3. Different impacts on older adults
Thanks to effective HIV treatment, the number of older adults living with the virus is increasing. But they are also more vulnerable to other health complications, such as cardiovascular disease, diabetes, kidney disease and cancer.
“I consider myself the poster boy of physical ailments,” says Ward, who lives with high blood pressure and type 2 diabetes and says that he’s survived two bouts with cancer and a heart attack since his diagnosis in 1984. This is most likely related to the chronic inflammation associated with HIV — even well-controlled HIV — Taege says.
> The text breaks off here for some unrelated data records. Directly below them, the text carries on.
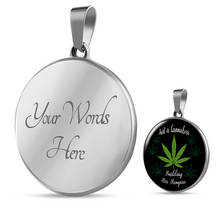 Load image into Gallery viewer, Just a Cannaboss Building Her Hempire CBD Necklace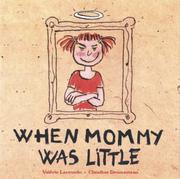 Cover of: When Mommy Was Little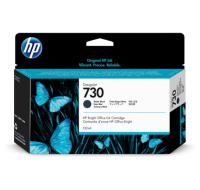 HP 730 130-ml Matte Black Ink Crtg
In addition, some patients, like Ward, lived with untreated HIV for more than a decade, until the current three-drug therapy regimen became available. “The more advanced the virus was before patients started therapy, the more wear and tear on the immune system,” Taege explains.
While it’s important for all older adults to get regular medical care, it’s even more so for people with HIV, Taege stresses. They’re more likely to experience side effects from HIV therapy, for example, so their bone, kidney, liver and heart health need to be monitored carefully. If they take drugs to manage chronic conditions such as high blood pressure or cholesterol, they also need to be closely followed to assess interactions between drugs.
HIV and its treatment can also impact the brain: anywhere between a quarter and half of people living with HIV have HIV-associated neurocognitive disorder (HAND), which can lead to depression, anxiety and, ultimately, dementia. While researchers are still studying why this happens, it’s important to screen older adults frequently for these conditions.
4. Lessons shared in the fight against COVID-19
The World Health Organization declared a worldwide pandemic on March 11, 2020, and less than nine months later, COVID shots were entering Americans’ arms. “This was all thanks to the activists who spent decades fighting another deadly scourge: HIV,” Gandhi says. Because of the hard work of these activists, for example, the FDA created a “parallel track” program that gave patients access to as-yet unapproved drugs.
“The program is now part of an ‘expanded access’ program that allowed COVID patients rapid access to new treatments, such as remdesivir,” she explains. After that, the FDA created a new procedure to grant faster approvals for interventions during public health crises: emergency use authorization (EUA) — which is how the Moderna, Pfizer-BioNTech and Johnson & Johnson (Janssen) vaccines were all available to the public so quickly.
There is, however, one lesson from HIV activists that Gandhi wishes everyone would heed: not shaming those who become infected. Being less strident in health “messaging” — whether about unprotected sex or getting a COVID vaccine — could help get more people to comply, she says.